The nine included studies provided findings for five different types of mobile device exposure in adolescents and ten different sleep outcomes. In total, 16 unique exposure-outcome relationships were assessed across the nine included studies. It became evident that there were only one or two studies available for each exposure-outcome relationship. Findings were mixed depending on the type of exposure and sleep outcome. Table 2 provides a summary overview of the body of evidence on the different exposure-outcome relationships.

Mobile phone use (especially after bedtime) and cybervictimisation, but not overall time spent engaging in mobile phone activities, was linked to lower sleep duration (including meeting the sleep guidelines). Preliminary findings from a small, poor quality study showed that using a smartphone app that teaches about the importance of consistent sleep and wake times, and recommended bedtimes, was linked to improved sleep duration. Sleep quality was also positively influenced by using the smartphone app and negatively influenced by mobile phone use in general and social media use in particular. None of the included studies assessed the link between time spent on mobile screens and adverse digital communication and sleep quality. Experiencing pressure to socially engage using a mobile phone (i.e. telepressure) was associated with poor sleep hygiene.
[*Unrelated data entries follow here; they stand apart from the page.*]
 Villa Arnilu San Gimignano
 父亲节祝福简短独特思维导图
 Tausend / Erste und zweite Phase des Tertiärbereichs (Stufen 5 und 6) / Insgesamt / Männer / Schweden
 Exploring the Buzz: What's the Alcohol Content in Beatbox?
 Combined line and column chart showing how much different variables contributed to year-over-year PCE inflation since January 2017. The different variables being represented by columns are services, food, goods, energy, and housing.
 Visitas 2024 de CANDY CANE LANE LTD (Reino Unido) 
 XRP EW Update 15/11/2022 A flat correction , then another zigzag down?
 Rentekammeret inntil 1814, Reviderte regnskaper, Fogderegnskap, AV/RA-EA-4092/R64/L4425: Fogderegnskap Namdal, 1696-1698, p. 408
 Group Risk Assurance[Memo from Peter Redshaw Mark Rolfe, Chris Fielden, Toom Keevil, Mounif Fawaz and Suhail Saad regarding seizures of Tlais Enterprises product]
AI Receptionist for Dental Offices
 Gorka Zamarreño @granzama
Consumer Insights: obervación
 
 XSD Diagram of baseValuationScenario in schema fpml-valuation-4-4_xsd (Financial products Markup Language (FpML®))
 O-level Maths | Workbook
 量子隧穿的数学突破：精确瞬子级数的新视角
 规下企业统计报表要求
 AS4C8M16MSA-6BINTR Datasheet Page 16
No other mobile device exposure was related to sleep hygiene. In terms of sleep onset, stopping phone use one hour before bedtime was not linked to earlier sleep, whereas using the smartphone app was linked to earlier sleep onset. The app intervention was also associated with improved insomnia, night-awakening, and feeling refreshed after a night of sleep. Those three sleep outcomes were not assessed in other studies included in the review. There was no evidence for an association between any of the included mobile device exposures and sleep problems, time in bed after waking up and use of sleep medication.

Our confidence in the validity of the observed associations is limited for the following three reasons: (i) small number of studies for each exposure-outcome association, (ii) all but one study (19) had a small number of participants recruited, and (iii) the quality of included studies was at unclear or high risk of bias. Therefore, the available evidence on the association between adolescents' mobile device screen time/use and sleep is incomplete.